(Recorded data)
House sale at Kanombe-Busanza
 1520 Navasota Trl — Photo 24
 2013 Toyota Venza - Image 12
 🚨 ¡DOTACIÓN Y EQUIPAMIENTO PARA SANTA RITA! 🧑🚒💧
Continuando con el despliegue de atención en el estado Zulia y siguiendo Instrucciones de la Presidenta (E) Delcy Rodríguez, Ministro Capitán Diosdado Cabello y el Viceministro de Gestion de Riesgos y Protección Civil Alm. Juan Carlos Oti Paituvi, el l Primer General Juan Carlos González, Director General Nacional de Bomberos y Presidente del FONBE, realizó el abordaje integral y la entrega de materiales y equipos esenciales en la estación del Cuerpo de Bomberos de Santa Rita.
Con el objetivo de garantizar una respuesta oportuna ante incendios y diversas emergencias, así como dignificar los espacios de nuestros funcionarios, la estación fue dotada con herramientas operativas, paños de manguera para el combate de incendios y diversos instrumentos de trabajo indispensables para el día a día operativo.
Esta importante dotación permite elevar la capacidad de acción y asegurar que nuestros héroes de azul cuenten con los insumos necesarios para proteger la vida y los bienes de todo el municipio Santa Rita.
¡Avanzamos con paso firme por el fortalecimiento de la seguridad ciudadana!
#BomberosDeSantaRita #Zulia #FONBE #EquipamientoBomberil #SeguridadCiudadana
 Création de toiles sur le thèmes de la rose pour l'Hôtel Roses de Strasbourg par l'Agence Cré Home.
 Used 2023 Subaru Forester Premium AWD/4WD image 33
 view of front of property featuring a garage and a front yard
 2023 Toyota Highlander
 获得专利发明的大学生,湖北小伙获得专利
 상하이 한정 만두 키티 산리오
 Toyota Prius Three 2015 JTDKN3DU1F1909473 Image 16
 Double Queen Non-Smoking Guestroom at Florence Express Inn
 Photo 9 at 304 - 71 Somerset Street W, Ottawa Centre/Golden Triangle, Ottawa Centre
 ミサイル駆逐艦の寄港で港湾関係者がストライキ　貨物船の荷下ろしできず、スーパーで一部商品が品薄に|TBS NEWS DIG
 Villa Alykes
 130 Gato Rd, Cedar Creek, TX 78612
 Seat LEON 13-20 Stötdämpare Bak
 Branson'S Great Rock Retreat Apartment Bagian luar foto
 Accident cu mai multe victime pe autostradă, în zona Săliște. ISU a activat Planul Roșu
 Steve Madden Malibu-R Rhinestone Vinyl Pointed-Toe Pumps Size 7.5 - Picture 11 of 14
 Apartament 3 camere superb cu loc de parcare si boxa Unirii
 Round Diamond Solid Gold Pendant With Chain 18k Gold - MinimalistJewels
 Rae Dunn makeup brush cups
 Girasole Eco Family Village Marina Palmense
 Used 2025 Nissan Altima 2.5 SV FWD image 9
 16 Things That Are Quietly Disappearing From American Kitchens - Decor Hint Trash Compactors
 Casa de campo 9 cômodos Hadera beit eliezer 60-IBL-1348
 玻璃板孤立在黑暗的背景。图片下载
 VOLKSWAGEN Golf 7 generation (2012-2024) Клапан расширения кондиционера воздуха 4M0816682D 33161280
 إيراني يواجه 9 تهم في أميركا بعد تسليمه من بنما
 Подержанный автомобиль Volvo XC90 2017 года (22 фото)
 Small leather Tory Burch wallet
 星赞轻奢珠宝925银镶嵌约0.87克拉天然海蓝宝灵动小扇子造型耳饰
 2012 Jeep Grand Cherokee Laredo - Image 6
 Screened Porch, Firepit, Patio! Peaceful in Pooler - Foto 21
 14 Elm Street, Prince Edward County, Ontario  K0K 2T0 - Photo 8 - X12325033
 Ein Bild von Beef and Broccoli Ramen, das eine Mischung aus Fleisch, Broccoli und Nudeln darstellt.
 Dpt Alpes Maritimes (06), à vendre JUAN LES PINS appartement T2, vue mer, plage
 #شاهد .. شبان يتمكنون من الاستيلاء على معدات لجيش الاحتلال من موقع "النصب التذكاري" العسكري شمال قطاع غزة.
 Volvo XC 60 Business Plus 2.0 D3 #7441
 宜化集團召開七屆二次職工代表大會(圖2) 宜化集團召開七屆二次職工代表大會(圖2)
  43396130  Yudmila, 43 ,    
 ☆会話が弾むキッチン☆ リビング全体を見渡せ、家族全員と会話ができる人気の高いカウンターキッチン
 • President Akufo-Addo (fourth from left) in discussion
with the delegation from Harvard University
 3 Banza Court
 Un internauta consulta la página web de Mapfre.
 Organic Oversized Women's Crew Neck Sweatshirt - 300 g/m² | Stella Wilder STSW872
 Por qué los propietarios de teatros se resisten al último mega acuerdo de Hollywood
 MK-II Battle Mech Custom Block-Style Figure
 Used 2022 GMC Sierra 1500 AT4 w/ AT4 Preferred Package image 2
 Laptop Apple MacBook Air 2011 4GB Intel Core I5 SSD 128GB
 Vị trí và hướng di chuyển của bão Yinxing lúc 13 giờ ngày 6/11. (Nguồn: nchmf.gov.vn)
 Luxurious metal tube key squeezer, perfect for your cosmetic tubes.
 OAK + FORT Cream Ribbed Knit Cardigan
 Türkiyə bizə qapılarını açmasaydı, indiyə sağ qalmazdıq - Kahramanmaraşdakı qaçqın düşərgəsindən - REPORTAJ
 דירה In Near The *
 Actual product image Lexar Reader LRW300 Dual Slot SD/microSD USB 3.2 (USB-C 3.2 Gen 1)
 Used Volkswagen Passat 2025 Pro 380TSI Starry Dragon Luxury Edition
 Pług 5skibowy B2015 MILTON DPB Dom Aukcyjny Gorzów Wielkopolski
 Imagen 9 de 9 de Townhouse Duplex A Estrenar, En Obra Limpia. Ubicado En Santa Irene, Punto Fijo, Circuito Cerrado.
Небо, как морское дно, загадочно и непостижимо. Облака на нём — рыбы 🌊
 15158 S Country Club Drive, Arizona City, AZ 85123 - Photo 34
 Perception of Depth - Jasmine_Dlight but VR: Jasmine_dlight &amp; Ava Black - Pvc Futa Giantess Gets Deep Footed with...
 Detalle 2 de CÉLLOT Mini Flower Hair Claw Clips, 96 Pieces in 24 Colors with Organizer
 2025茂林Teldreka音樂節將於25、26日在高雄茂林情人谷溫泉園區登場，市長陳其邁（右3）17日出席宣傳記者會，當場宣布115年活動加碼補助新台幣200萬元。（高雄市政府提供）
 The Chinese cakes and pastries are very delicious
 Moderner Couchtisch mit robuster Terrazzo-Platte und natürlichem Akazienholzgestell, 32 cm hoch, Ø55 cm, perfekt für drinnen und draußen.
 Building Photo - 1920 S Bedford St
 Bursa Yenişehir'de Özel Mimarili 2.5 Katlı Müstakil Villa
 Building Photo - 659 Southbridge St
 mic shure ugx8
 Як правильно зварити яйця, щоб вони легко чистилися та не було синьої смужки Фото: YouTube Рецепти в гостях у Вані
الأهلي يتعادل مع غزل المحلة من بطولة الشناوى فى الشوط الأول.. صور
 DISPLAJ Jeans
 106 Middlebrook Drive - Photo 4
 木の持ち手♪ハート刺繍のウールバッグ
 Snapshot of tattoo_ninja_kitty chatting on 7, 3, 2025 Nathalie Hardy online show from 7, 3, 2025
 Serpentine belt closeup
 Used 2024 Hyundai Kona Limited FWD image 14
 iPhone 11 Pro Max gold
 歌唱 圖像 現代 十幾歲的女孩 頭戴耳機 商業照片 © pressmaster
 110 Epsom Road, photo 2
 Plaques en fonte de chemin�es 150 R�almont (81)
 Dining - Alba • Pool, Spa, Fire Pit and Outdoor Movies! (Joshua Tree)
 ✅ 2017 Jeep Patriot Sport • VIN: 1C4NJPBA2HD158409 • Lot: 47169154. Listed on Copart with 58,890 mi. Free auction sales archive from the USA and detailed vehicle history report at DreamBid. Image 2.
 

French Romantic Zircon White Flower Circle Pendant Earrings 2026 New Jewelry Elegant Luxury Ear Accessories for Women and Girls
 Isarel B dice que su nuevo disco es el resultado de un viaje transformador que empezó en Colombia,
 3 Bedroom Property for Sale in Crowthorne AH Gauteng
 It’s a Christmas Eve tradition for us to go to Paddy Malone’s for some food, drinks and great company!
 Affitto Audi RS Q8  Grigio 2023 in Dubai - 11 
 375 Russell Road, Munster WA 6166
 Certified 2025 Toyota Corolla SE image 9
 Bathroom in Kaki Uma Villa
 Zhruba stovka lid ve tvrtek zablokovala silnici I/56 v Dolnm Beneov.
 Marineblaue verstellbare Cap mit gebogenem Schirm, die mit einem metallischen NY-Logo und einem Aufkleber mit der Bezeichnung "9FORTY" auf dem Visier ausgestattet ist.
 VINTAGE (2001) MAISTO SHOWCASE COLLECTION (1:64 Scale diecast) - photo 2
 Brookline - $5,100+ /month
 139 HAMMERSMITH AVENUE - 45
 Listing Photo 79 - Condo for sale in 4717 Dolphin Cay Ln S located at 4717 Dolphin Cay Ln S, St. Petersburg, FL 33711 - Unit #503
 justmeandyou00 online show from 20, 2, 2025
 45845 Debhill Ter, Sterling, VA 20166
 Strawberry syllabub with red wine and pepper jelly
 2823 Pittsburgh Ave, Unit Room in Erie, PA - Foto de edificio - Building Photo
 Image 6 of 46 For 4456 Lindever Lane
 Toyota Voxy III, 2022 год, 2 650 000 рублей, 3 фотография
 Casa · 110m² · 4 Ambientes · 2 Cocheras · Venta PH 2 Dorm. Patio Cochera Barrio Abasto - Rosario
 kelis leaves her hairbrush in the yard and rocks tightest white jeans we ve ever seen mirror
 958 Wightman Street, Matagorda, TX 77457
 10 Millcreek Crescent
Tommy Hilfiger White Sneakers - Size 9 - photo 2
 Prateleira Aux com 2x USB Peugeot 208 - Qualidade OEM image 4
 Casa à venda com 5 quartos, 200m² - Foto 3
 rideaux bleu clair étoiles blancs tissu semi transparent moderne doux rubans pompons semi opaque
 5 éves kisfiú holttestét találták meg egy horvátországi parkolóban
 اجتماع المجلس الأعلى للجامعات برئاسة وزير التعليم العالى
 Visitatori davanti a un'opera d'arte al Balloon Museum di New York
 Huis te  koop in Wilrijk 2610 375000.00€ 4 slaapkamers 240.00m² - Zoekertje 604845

**Work item:** The answer is the lines above between the line holding "Villa Alykes" and the line holding "with the delegation from Harvard University", inclusive, each written out exactly, and no others.

**Task solution:**
 Villa Alykes
 130 Gato Rd, Cedar Creek, TX 78612
 Seat LEON 13-20 Stötdämpare Bak
 Branson'S Great Rock Retreat Apartment Bagian luar foto
 Accident cu mai multe victime pe autostradă, în zona Săliște. ISU a activat Planul Roșu
 Steve Madden Malibu-R Rhinestone Vinyl Pointed-Toe Pumps Size 7.5 - Picture 11 of 14
 Apartament 3 camere superb cu loc de parcare si boxa Unirii
 Round Diamond Solid Gold Pendant With Chain 18k Gold - MinimalistJewels
 Rae Dunn makeup brush cups
 Girasole Eco Family Village Marina Palmense
 Used 2025 Nissan Altima 2.5 SV FWD image 9
 16 Things That Are Quietly Disappearing From American Kitchens - Decor Hint Trash Compactors
 Casa de campo 9 cômodos Hadera beit eliezer 60-IBL-1348
 玻璃板孤立在黑暗的背景。图片下载
 VOLKSWAGEN Golf 7 generation (2012-2024) Клапан расширения кондиционера воздуха 4M0816682D 33161280
 إيراني يواجه 9 تهم في أميركا بعد تسليمه من بنما
 Подержанный автомобиль Volvo XC90 2017 года (22 фото)
 Small leather Tory Burch wallet
 星赞轻奢珠宝925银镶嵌约0.87克拉天然海蓝宝灵动小扇子造型耳饰
 2012 Jeep Grand Cherokee Laredo - Image 6
 Screened Porch, Firepit, Patio! Peaceful in Pooler - Foto 21
 14 Elm Street, Prince Edward County, Ontario  K0K 2T0 - Photo 8 - X12325033
 Ein Bild von Beef and Broccoli Ramen, das eine Mischung aus Fleisch, Broccoli und Nudeln darstellt.
 Dpt Alpes Maritimes (06), à vendre JUAN LES PINS appartement T2, vue mer, plage
 #شاهد .. شبان يتمكنون من الاستيلاء على معدات لجيش الاحتلال من موقع "النصب التذكاري" العسكري شمال قطاع غزة.
 Volvo XC 60 Business Plus 2.0 D3 #7441
 宜化集團召開七屆二次職工代表大會(圖2) 宜化集團召開七屆二次職工代表大會(圖2)
  43396130  Yudmila, 43 ,    
 ☆会話が弾むキッチン☆ リビング全体を見渡せ、家族全員と会話ができる人気の高いカウンターキッチン
 • President Akufo-Addo (fourth from left) in discussion
with the delegation from Harvard University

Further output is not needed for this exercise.